On 10 Jun 2016, at 6:17, Merijn van den Kroonenberg wrote:

[...]
From the manual:

This is a best-effort advisory setting, processing will not be abruptly
aborted at an arbitrary point in processing when the time limit is
exceeded, but only on reaching one of locations in the program flow
equipped with a time test. Currently equipped with the test are the main
checking loop, asynchronous DNS lookups, plugins which are calling
external programs. Rule evaluation is guarded by starting a timer (alarm)
on each set of compiled rules.

The last line is critical. The alarm isn't even on individual rules but rather on precompiled sets of rules. I already knew it was soft but that particular detail had not stuck in any of the many times I've read that man page. Thanks for quoting it.

What does this mean, can still a single operation take more than this
time_limit? But I guess the timer on the rules means the rules at least
cannot take more than time_limit, right?

Nope: time_limit is in seconds and I had it set to 270. The default is 300 which is 1/2 the canonical SMTP EOD timeout but matches the canonical "server timeout" (how long a server should wait for a client command. See RFC 5321) and I'm sure there's misunderstanding on that distinction. Since under peak loads the plumbing of that particular system can add whole seconds and some clients can be a bit impatient, I gave it what I thought was very generous additional headroom although it really didn't need it. The actual normal spamd scantime distribution there roughly 2/3 under 1 second, 90% under 2 seconds, 99% under 10 seconds, 99.9% under a minute. There's a long thin tail out to ~2 minutes, but until last week I'd never had anything actually hit the timeout that I can recall, and the 1st bad rule was hardly fresh. I think it is >8 years old and the others I found had not caused trouble in their multiple (3?) years of existence.

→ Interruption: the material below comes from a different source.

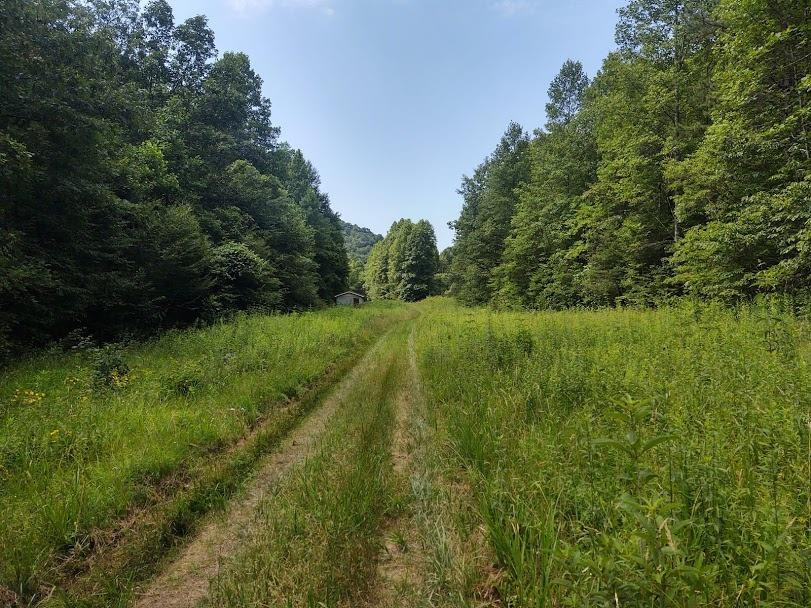1200 Clearfork Road Morehead, KY 40351 - Photo 76 of 86 Photo 76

I figured out which rule was the proximal cause by running the message through the spamassassin script with rule debugging on so I could narrow down the bad rule based on what matched right before TIME_LIMIT_EXCEEDED. I didn't dtrace the process to nail it down, but my hypothesis is that ultimately Perl is calling its low-level internal equivalent of regexec() which, like POSIX regexec(), has no timeout facility: it runs until it matches or exhausts the input of starting points. At the Perl level, I've never encountered any way to limit the time '=~' takes to operate, but I'm no Larry Wall so maybe there's some arcane way to do that. It seems clear that if Perl has such a feature to break out of an operator routine that is taking too much clock time, it has not been used in SpamAssassin. I'd bet on there NOT being such a feature and further, that the process doing the match might not even die immediately with a SIGKILL while inside that call.

What most annoys me about this is that the potential for blowing up systems with REs is the first thing one learns about them in a formal setting (rather than just by reading man pages above the BUGS section.) Back when I first got that warning the emphasis was on an ability of REs to compile to disastrous scale but back then that meant a few megabytes, and who cares about that today. However, I also got the warning decades ago that '.*' could cause a RE to take a long time if you didn't take care to limit your input size and write the RE to rule out most starting points fast, but again absolute sizes matter and until last week I'd not envisioned "optimizing" HTML by removing all formally unnecessary whitespace including line breaks. This is obviously somewhat rare, but it's apparently A Thing HTML Parsers Like and this was a big hunk of HTML, so I guess optimizing parsing was important...

It will be interesting to see the stats on scantimes this week to see if my tightening up on sloppy rules has an impact. I expect it will, since I now have a concrete theory to explain that long tail out to 2 minutes, which before now I've ignored as pure noise.